Copy out each line in the listing below where the word "with" appears.
*** Data provided
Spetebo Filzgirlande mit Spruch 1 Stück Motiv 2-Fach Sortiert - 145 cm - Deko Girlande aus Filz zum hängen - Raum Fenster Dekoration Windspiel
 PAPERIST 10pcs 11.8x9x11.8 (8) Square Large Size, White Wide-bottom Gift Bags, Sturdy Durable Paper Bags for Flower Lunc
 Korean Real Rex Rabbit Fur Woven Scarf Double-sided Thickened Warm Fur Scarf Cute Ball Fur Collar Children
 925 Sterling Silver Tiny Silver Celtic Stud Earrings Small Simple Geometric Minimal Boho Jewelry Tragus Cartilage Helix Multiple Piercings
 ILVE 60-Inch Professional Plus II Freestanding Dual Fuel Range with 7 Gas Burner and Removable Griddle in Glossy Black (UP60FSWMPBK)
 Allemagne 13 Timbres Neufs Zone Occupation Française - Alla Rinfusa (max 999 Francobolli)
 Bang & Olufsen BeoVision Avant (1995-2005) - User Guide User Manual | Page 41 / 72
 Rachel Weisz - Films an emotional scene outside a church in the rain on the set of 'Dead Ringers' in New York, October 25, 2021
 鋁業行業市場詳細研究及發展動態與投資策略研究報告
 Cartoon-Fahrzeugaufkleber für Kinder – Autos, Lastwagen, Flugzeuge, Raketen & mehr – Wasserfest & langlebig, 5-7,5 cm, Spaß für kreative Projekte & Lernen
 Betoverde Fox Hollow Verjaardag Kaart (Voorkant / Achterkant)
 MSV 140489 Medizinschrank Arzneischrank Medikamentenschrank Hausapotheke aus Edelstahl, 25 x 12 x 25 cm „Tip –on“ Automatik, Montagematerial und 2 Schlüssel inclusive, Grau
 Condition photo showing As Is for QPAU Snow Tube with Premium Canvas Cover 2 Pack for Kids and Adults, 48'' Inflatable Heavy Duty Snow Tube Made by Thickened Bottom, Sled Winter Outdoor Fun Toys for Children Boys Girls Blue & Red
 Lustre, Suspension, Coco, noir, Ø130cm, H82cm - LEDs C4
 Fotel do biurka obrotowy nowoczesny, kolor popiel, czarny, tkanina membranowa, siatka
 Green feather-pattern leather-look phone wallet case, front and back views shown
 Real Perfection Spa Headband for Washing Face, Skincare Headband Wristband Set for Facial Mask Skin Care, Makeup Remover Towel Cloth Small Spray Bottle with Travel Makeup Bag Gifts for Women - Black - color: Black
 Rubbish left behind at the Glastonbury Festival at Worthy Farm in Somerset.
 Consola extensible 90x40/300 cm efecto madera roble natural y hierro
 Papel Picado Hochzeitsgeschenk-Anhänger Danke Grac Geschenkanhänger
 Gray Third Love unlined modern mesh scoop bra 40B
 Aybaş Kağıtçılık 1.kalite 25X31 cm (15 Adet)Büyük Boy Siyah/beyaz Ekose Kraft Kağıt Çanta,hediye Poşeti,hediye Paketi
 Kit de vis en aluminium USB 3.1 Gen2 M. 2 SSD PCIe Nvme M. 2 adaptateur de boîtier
******
- Response to this exercise:
 ILVE 60-Inch Professional Plus II Freestanding Dual Fuel Range with 7 Gas Burner and Removable Griddle in Glossy Black (UP60FSWMPBK)
 Condition photo showing As Is for QPAU Snow Tube with Premium Canvas Cover 2 Pack for Kids and Adults, 48'' Inflatable Heavy Duty Snow Tube Made by Thickened Bottom, Sled Winter Outdoor Fun Toys for Children Boys Girls Blue & Red
 Real Perfection Spa Headband for Washing Face, Skincare Headband Wristband Set for Facial Mask Skin Care, Makeup Remover Towel Cloth Small Spray Bottle with Travel Makeup Bag Gifts for Women - Black - color: Black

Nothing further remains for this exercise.